# What you are asked to do
Return all of the lines below exactly as they are.

# Material to process
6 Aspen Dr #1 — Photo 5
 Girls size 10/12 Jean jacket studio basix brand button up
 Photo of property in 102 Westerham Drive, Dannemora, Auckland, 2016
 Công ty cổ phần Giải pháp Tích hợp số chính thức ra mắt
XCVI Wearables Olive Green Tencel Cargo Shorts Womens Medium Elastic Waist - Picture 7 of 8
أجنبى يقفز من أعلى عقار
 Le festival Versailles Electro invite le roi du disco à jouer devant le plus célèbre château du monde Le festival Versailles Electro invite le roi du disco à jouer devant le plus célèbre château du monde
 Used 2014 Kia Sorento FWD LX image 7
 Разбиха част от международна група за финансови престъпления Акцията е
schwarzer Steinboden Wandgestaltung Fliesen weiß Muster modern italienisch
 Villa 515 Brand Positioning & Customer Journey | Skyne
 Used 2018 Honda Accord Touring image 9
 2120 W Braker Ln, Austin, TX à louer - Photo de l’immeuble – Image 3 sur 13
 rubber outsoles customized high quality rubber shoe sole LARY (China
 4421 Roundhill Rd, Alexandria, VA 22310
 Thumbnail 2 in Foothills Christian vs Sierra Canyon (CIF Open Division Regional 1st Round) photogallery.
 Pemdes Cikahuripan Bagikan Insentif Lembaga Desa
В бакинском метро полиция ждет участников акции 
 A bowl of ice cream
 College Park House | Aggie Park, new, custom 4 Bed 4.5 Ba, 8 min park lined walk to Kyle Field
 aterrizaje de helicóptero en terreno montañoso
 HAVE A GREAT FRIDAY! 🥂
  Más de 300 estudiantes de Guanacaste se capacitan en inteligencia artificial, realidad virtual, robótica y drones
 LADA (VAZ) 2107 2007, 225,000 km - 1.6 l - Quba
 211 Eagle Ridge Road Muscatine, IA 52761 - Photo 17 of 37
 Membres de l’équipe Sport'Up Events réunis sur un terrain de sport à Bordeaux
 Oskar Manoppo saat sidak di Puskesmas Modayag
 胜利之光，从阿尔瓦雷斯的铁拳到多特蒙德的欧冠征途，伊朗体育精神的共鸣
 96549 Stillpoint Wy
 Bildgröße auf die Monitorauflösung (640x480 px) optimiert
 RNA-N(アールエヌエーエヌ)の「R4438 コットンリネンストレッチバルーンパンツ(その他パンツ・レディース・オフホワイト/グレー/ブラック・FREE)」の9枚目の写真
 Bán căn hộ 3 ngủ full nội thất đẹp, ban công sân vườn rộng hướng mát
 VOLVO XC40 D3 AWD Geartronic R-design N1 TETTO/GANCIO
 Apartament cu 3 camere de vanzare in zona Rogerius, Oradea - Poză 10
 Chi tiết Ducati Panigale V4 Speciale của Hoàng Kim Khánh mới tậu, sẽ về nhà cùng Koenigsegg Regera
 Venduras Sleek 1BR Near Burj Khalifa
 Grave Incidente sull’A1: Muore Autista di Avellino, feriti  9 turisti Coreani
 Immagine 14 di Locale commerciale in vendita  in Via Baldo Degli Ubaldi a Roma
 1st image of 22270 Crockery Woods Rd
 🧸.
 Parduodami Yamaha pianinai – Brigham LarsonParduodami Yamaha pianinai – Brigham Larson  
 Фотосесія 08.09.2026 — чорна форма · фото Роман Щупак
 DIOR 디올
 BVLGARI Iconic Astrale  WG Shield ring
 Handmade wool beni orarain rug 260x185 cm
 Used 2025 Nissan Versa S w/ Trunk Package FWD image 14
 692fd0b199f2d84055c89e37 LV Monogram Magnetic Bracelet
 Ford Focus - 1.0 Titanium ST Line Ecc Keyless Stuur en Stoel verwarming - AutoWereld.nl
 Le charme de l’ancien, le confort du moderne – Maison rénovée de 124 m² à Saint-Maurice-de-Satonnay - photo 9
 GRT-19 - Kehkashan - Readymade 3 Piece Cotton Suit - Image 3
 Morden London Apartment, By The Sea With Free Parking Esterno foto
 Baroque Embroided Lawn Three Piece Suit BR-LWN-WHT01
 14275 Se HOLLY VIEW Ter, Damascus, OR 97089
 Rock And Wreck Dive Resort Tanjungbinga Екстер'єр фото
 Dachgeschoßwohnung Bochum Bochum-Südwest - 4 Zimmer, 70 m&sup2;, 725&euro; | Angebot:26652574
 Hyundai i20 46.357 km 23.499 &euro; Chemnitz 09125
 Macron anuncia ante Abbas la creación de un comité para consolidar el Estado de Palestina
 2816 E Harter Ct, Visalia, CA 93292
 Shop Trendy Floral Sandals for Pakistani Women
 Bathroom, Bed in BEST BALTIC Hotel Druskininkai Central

# Result below
6 Aspen Dr #1 — Photo 5
 Girls size 10/12 Jean jacket studio basix brand button up
 Photo of property in 102 Westerham Drive, Dannemora, Auckland, 2016
 Công ty cổ phần Giải pháp Tích hợp số chính thức ra mắt
XCVI Wearables Olive Green Tencel Cargo Shorts Womens Medium Elastic Waist - Picture 7 of 8
أجنبى يقفز من أعلى عقار
 Le festival Versailles Electro invite le roi du disco à jouer devant le plus célèbre château du monde Le festival Versailles Electro invite le roi du disco à jouer devant le plus célèbre château du monde
 Used 2014 Kia Sorento FWD LX image 7
 Разбиха част от международна група за финансови престъпления Акцията е
schwarzer Steinboden Wandgestaltung Fliesen weiß Muster modern italienisch
 Villa 515 Brand Positioning & Customer Journey | Skyne
 Used 2018 Honda Accord Touring image 9
 2120 W Braker Ln, Austin, TX à louer - Photo de l’immeuble – Image 3 sur 13
 rubber outsoles customized high quality rubber shoe sole LARY (China
 4421 Roundhill Rd, Alexandria, VA 22310
 Thumbnail 2 in Foothills Christian vs Sierra Canyon (CIF Open Division Regional 1st Round) photogallery.
 Pemdes Cikahuripan Bagikan Insentif Lembaga Desa
В бакинском метро полиция ждет участников акции 
 A bowl of ice cream
 College Park House | Aggie Park, new, custom 4 Bed 4.5 Ba, 8 min park lined walk to Kyle Field
 aterrizaje de helicóptero en terreno montañoso
 HAVE A GREAT FRIDAY! 🥂
  Más de 300 estudiantes de Guanacaste se capacitan en inteligencia artificial, realidad virtual, robótica y drones
 LADA (VAZ) 2107 2007, 225,000 km - 1.6 l - Quba
 211 Eagle Ridge Road Muscatine, IA 52761 - Photo 17 of 37
 Membres de l’équipe Sport'Up Events réunis sur un terrain de sport à Bordeaux
 Oskar Manoppo saat sidak di Puskesmas Modayag
 胜利之光，从阿尔瓦雷斯的铁拳到多特蒙德的欧冠征途，伊朗体育精神的共鸣
 96549 Stillpoint Wy
 Bildgröße auf die Monitorauflösung (640x480 px) optimiert
 RNA-N(アールエヌエーエヌ)の「R4438 コットンリネンストレッチバルーンパンツ(その他パンツ・レディース・オフホワイト/グレー/ブラック・FREE)」の9枚目の写真
 Bán căn hộ 3 ngủ full nội thất đẹp, ban công sân vườn rộng hướng mát
 VOLVO XC40 D3 AWD Geartronic R-design N1 TETTO/GANCIO
 Apartament cu 3 camere de vanzare in zona Rogerius, Oradea - Poză 10
 Chi tiết Ducati Panigale V4 Speciale của Hoàng Kim Khánh mới tậu, sẽ về nhà cùng Koenigsegg Regera
 Venduras Sleek 1BR Near Burj Khalifa
 Grave Incidente sull’A1: Muore Autista di Avellino, feriti  9 turisti Coreani
 Immagine 14 di Locale commerciale in vendita  in Via Baldo Degli Ubaldi a Roma
 1st image of 22270 Crockery Woods Rd
 🧸.
 Parduodami Yamaha pianinai – Brigham LarsonParduodami Yamaha pianinai – Brigham Larson  
 Фотосесія 08.09.2026 — чорна форма · фото Роман Щупак
 DIOR 디올
 BVLGARI Iconic Astrale  WG Shield ring
 Handmade wool beni orarain rug 260x185 cm
 Used 2025 Nissan Versa S w/ Trunk Package FWD image 14
 692fd0b199f2d84055c89e37 LV Monogram Magnetic Bracelet
 Ford Focus - 1.0 Titanium ST Line Ecc Keyless Stuur en Stoel verwarming - AutoWereld.nl
 Le charme de l’ancien, le confort du moderne – Maison rénovée de 124 m² à Saint-Maurice-de-Satonnay - photo 9
 GRT-19 - Kehkashan - Readymade 3 Piece Cotton Suit - Image 3
 Morden London Apartment, By The Sea With Free Parking Esterno foto
 Baroque Embroided Lawn Three Piece Suit BR-LWN-WHT01
 14275 Se HOLLY VIEW Ter, Damascus, OR 97089
 Rock And Wreck Dive Resort Tanjungbinga Екстер'єр фото
 Dachgeschoßwohnung Bochum Bochum-Südwest - 4 Zimmer, 70 m&sup2;, 725&euro; | Angebot:26652574
 Hyundai i20 46.357 km 23.499 &euro; Chemnitz 09125
 Macron anuncia ante Abbas la creación de un comité para consolidar el Estado de Palestina
 2816 E Harter Ct, Visalia, CA 93292
 Shop Trendy Floral Sandals for Pakistani Women
 Bathroom, Bed in BEST BALTIC Hotel Druskininkai Central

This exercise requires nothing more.